INSTRUCTIONS FOR THE TASK: Beneath this task are the entries; from the line with "HER-0129/S Cat Eye" through the last one, transcribe every line exactly and nothing else, skipping pictures.

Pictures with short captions
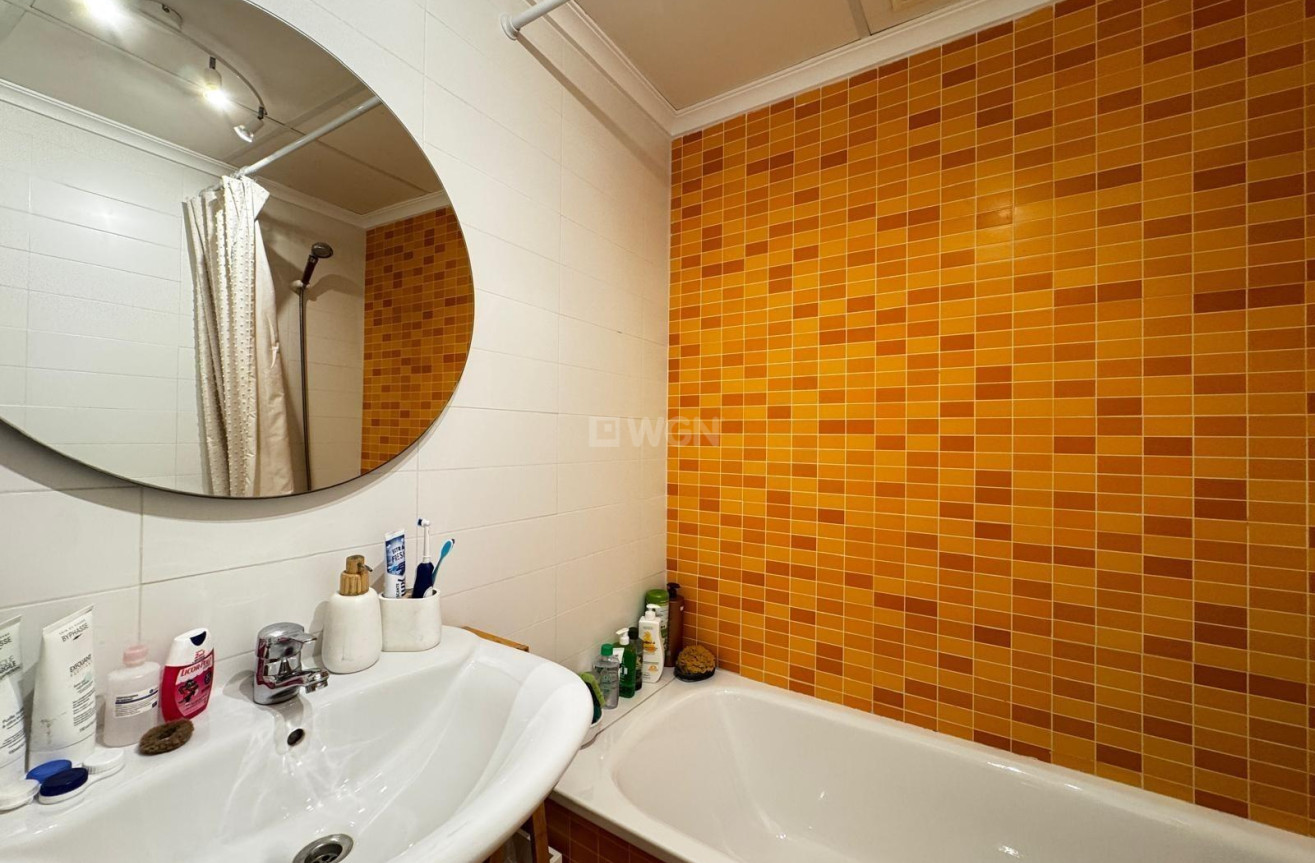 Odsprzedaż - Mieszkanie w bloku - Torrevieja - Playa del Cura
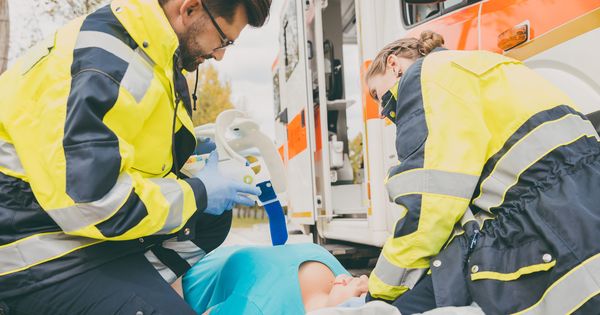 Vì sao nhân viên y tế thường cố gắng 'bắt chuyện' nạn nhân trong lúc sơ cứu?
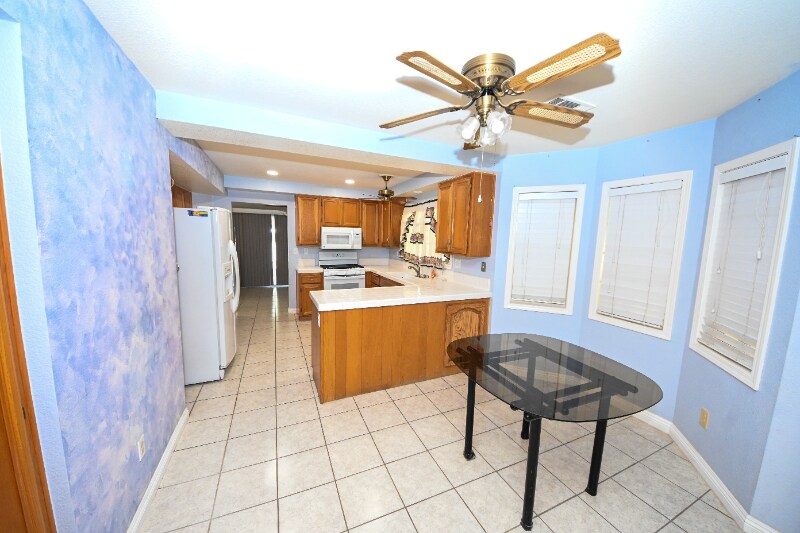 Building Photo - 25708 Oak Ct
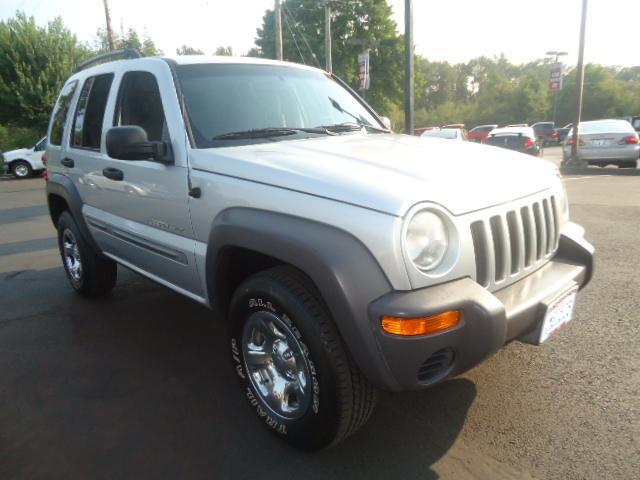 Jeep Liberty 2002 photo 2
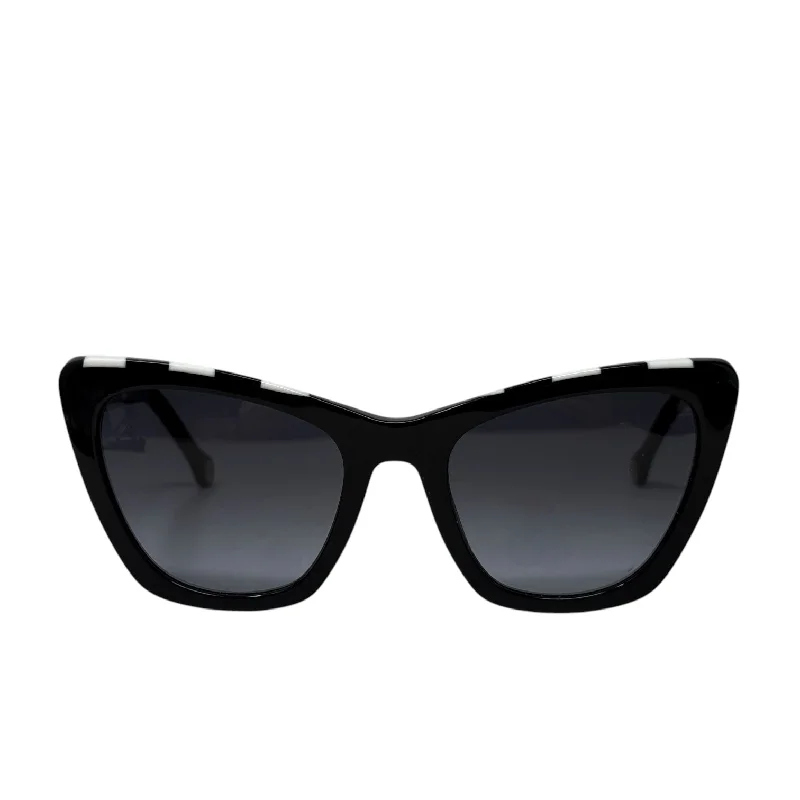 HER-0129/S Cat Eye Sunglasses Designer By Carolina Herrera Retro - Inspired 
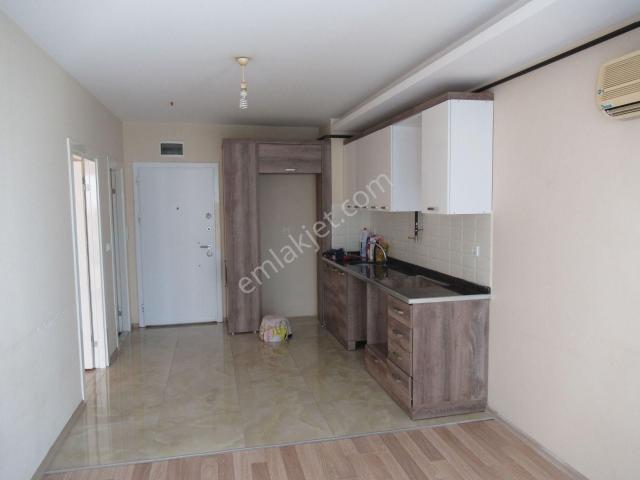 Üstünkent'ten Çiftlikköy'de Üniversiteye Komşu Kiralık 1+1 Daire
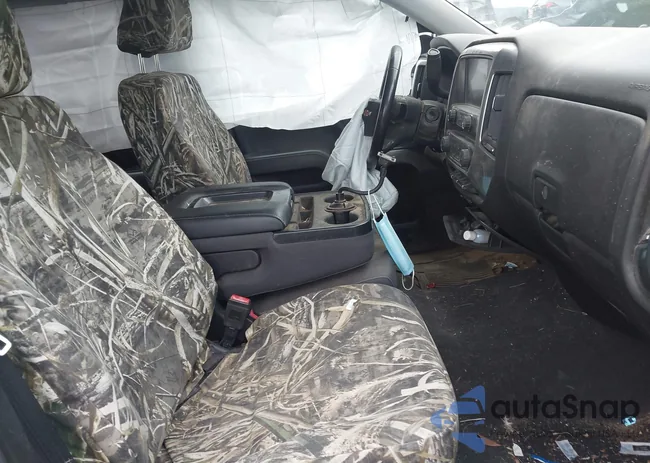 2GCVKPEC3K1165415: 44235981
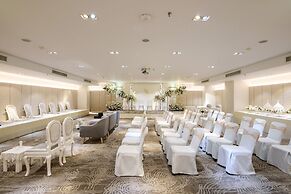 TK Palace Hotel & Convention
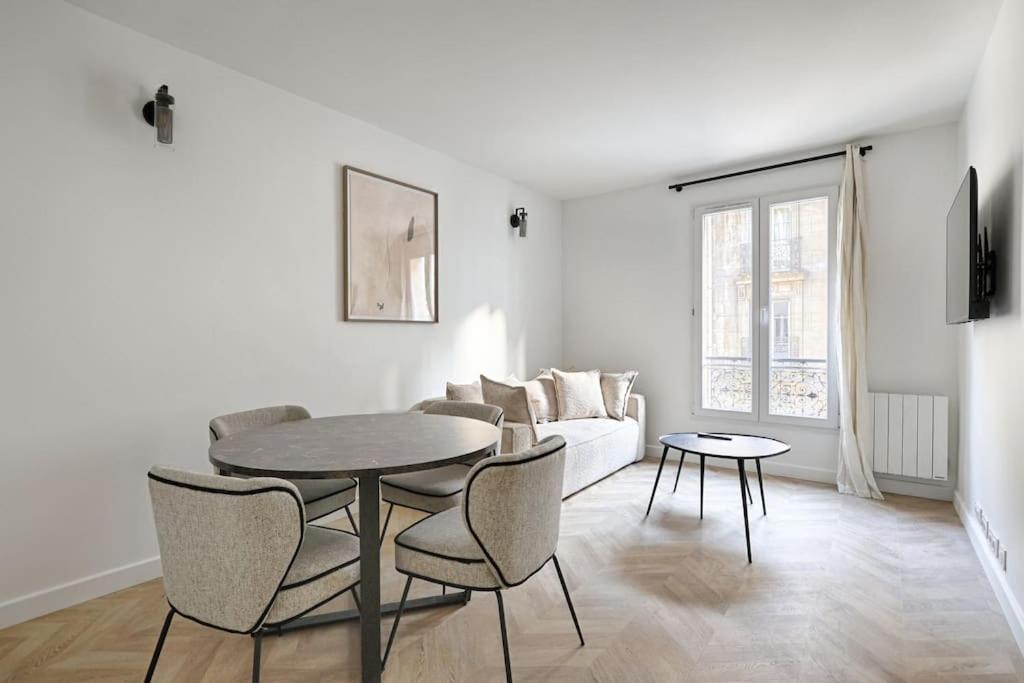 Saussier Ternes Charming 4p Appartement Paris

EXERCISE RESULT:
 HER-0129/S Cat Eye Sunglasses Designer By Carolina Herrera Retro - Inspired 
 Üstünkent'ten Çiftlikköy'de Üniversiteye Komşu Kiralık 1+1 Daire
 2GCVKPEC3K1165415: 44235981
 TK Palace Hotel & Convention
 Saussier Ternes Charming 4p Appartement Paris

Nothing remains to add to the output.